» Data:
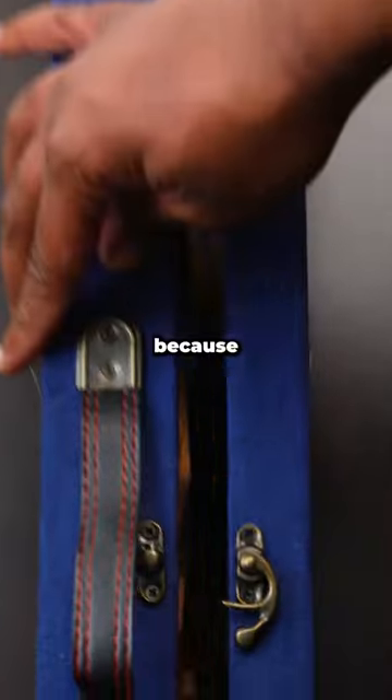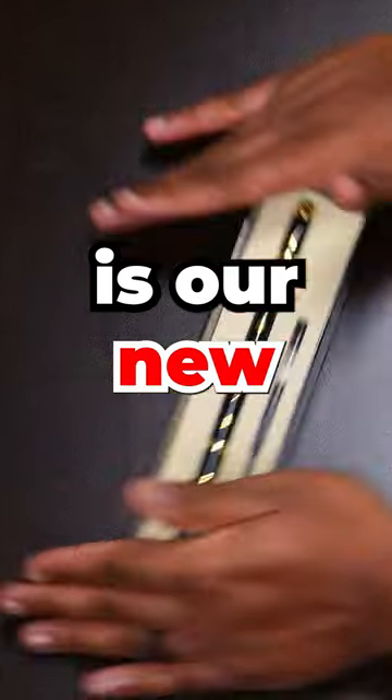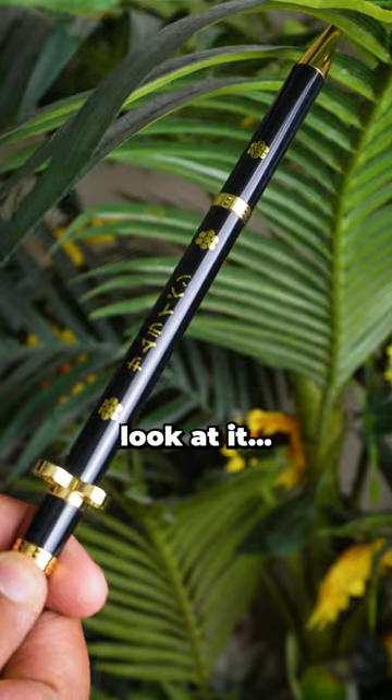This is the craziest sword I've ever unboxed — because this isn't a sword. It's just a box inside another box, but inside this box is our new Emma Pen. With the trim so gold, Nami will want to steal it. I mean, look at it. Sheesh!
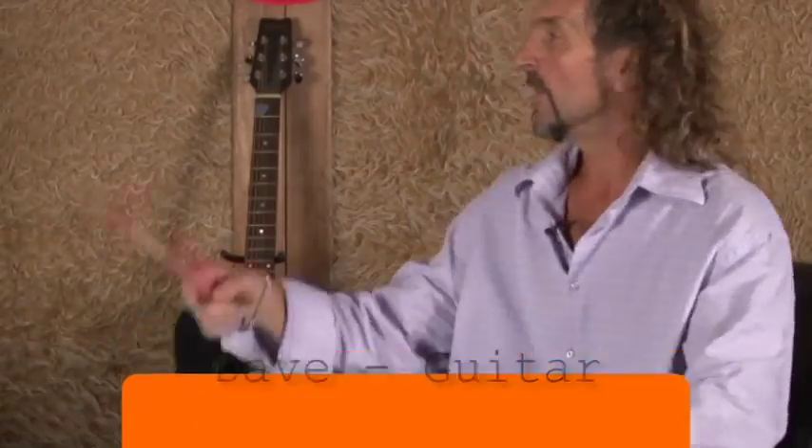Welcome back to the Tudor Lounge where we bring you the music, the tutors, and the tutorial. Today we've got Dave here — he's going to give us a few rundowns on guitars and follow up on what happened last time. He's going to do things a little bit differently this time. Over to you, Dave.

==

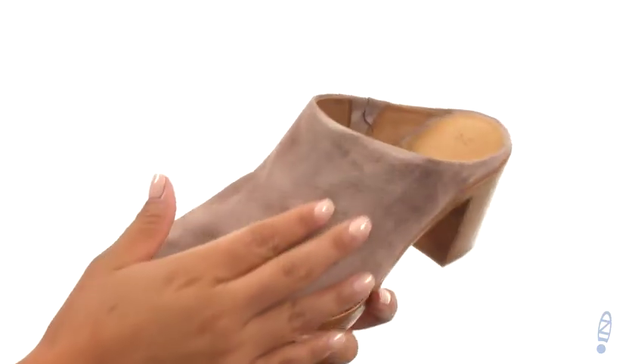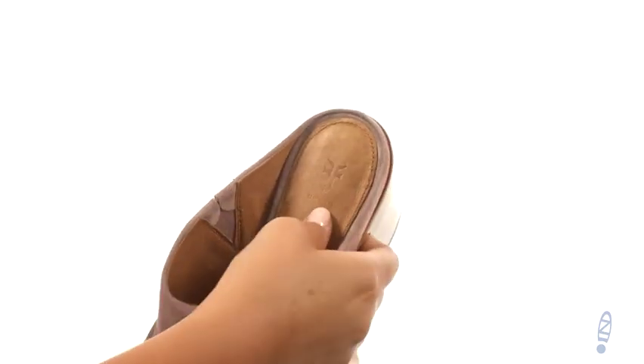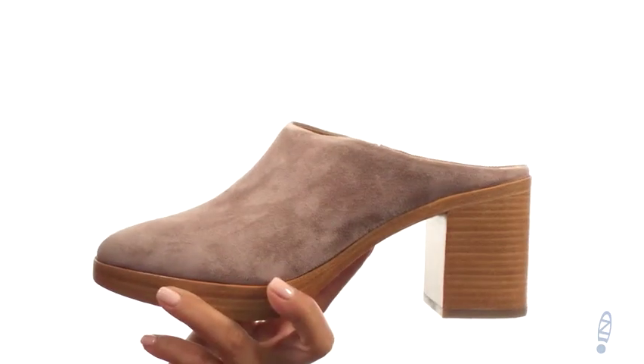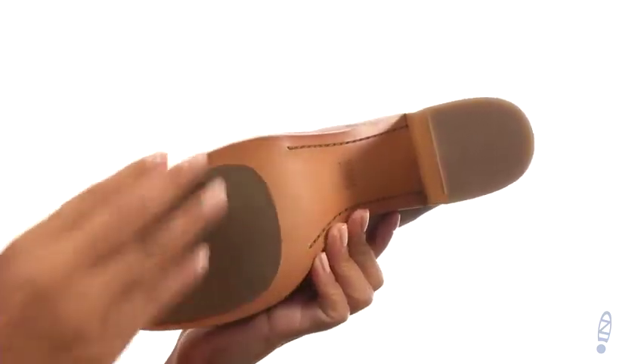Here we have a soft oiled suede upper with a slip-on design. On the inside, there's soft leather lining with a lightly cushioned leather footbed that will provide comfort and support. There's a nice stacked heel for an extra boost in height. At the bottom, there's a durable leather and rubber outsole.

--

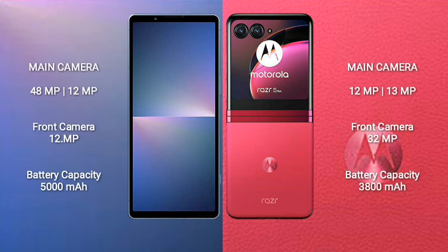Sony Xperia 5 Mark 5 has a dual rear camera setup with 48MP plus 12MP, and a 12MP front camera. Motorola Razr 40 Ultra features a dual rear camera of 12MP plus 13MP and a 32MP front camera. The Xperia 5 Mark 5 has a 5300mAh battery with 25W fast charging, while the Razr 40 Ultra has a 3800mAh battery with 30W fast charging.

» Problem requirements: Word for word, repeat the lines above from the one with "This is the" through the one with "Welcome back to", and nothing beyond them. Omit the pictures.

» Exercise response:
This is the craziest sword I've ever unboxed — because this isn't a sword. It's just a box inside another box, but inside this box is our new Emma Pen. With the trim so gold, Nami will want to steal it. I mean, look at it. Sheesh!
Welcome back to the Tudor Lounge where we bring you the music, the tutors, and the tutorial. Today we've got Dave here — he's going to give us a few rundowns on guitars and follow up on what happened last time. He's going to do things a little bit differently this time. Over to you, Dave.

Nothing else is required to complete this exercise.